A survey carried out last year by the Association of the Board of Management of Chinese Primary Schools, Kuching and Samarahan Division found that the 56 schools surveyed had a total of 19,319 pupils last year of which 3,383 were bumiputras. For Sek Ren Bantuan Chung Hua, Bako, 42 out of the 48 pupils are
bumiputras

Questions have legitimately been raised about the veracity and authenticity of the so-called leaked “Cabinet news” - why they were not announced by the Prime Minister himself or at least by the Education Minister, Tan Sir Musa Mohamad if they are rated as serious and  important issues instead of being  leaked by an unsourced MCA Cabinet Member which could be easily denied subsequently ?

All that Musa said yesterday after the Cabinet meeting was that the Cabinet retained its  stand and decision on the relocation of the SJK © Damansara and its undertaking that the new school at Tropicana would be completed within two years (which is different from the claim by the Deputy Education Minister, Datuk Hon Choon Kim of the completion of the new school within eight months).

It is most astonishing that it has to take  15 months after the 1999 general election, and nearly two months of the nation-wide  Damansara school controversy,  for the MCA Ministers to remember the 1999 general election promise to build four new  Chinese primary schools and relocate 13 Chinese primary schools.

If not for the DAP’s call for a New Deal for Mother-tongue Education in the Eighth Malaysia Plan to set  targets like the building of  250 new Chinese primary schools in the next five years, the MCA Ministers would probably continue to forget about the 1999 election promise.

The 1999 Barisan Nasional election promise to build four new Chinese primary schools and relocate 13 Chinese primary schools should be regarded as a government commitment  for the year  2000, where the government’s aim for the year  was building  371 new schools and extensions to 462 existing schools.

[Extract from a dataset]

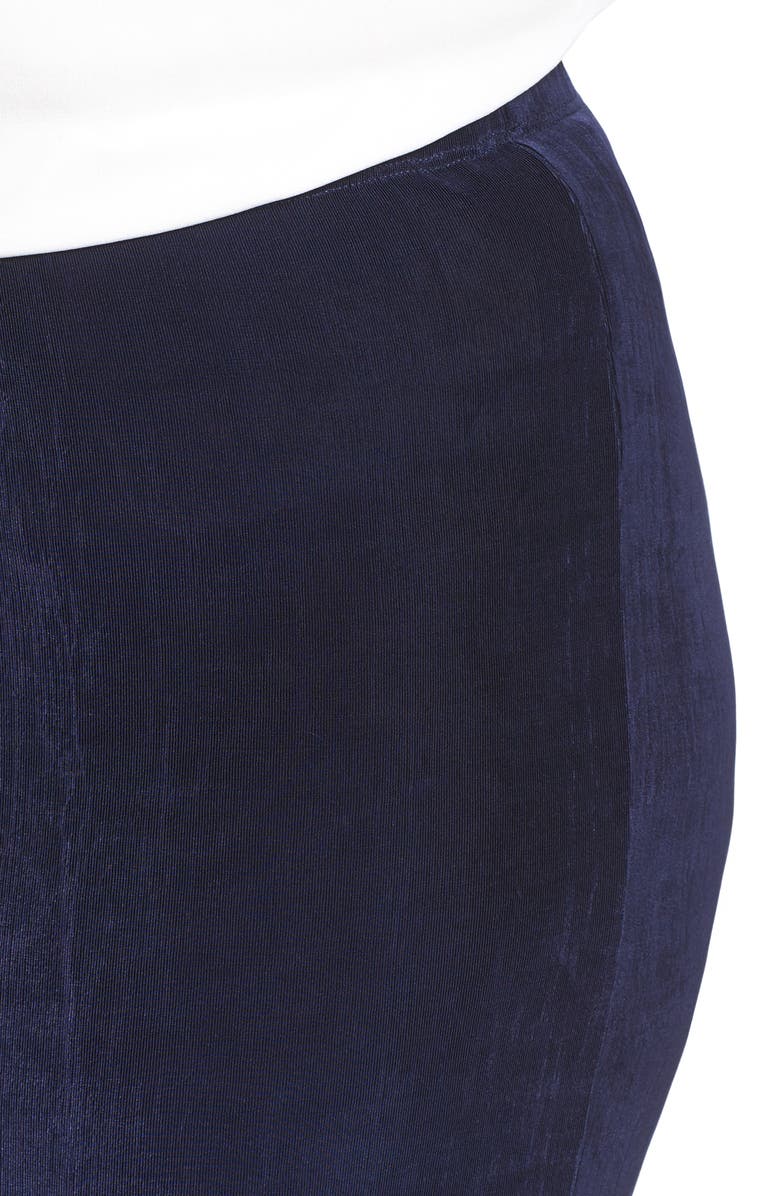 Vikki Vi High Rise Stretch Knit Crop Pants, Alternate, color, Navy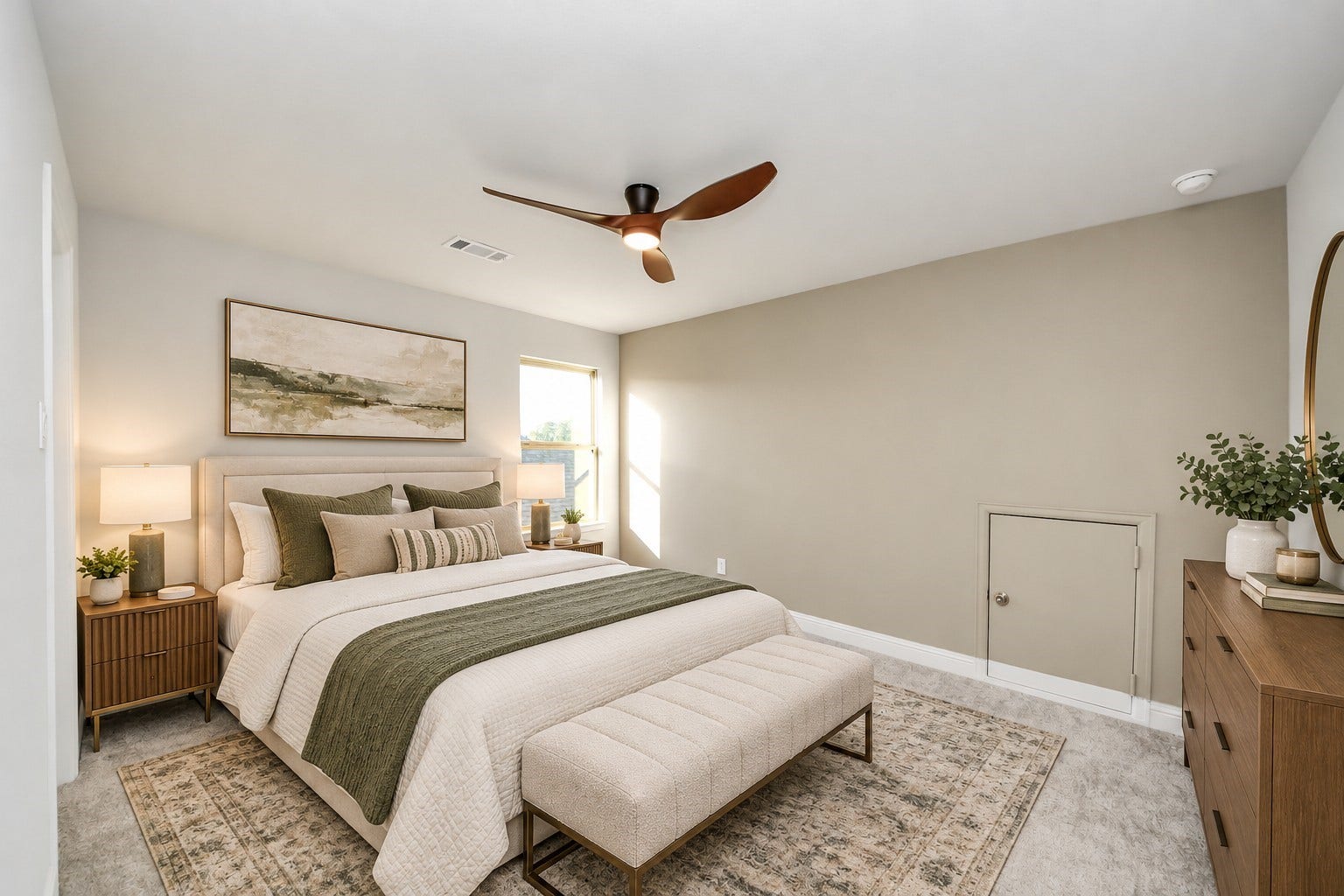 4251 Colony Lane, Missouri City, TX 77459 Virtually staged third bedroom located on the second floor.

If the government can build the new Chinese primary school in Tropicana, Petaling Jaya in eight months, there is no reason why the government could not build the four new Chinese primary schools and relocate 13 Chinese primary schools it promised in the 1999 general election last year itself - and this should now be regarded as a Seventh Malaysia Plan shortfall which the government must make up urgently and treated separately from the Eighth Malaysia Plan.

DAP invites MCA, Gerakan, SUPP and MIC, together with other Barisan Nasional  and Barisan Alternative  parties, to a conference to reach a consensus on a New Deal for Mother-tongue Education in the Eighth Malaysia Plan, one of whose  targets is to build 250 new Chinese primary schools in the next five years.

During Independence in 1957, there were 1,333 Chinese primary schools with a total  enrolment of 310,000 students. Forty-three years later in 2000, Chinese primary school enrolment has doubled to over 620,000,  but  there had been  no matching doubling of the number of Chinese primary  schools in the past four decades, but  a reduction of 49 schools instead  to 1,284 schools.

In 1968, there were 2,770 national primary schools with a total enrolment of 666,389 students.  In the 32 years from 1968 to 2000, total enrolment in national primary schools reached  2,218,747 (an increase of 1,552,358) while the number of national primary schools increased by 2,737 new schools to reach a total of 5,407 schools.   This works out to an average of an increase of 567 students for a new national primary school.

If this principle of a new primary school for every increase of 567 students is applied to Chinese primary schools, there should be an increase of 546 new schools in the 43 years from Independence in 1957 to 2,000 for the doubling of the Chinese primary school enrolment from 310,000 to 620,000.  As in the past 43 years, there had been a reduction of 49 Chinese primary schools, this would put the shortfall of Chinese primary schools to 546 + 49 = 595.

Asking for the building of 250 new Chinese primary schools from 2001 to 2005 when there should have been 599 new Chinese primary schools built by 2000 is not being excessive,  unreasonable or “extremist”, and I hope that the MCA, Gerakan, SUPP and MIC national leaders will be prepared, together with other Barisan Nasional and Barisan Alternative parties, to sit down to agree on a New Deal for Mother-tongue Education in the Eighth Malaysia Plan.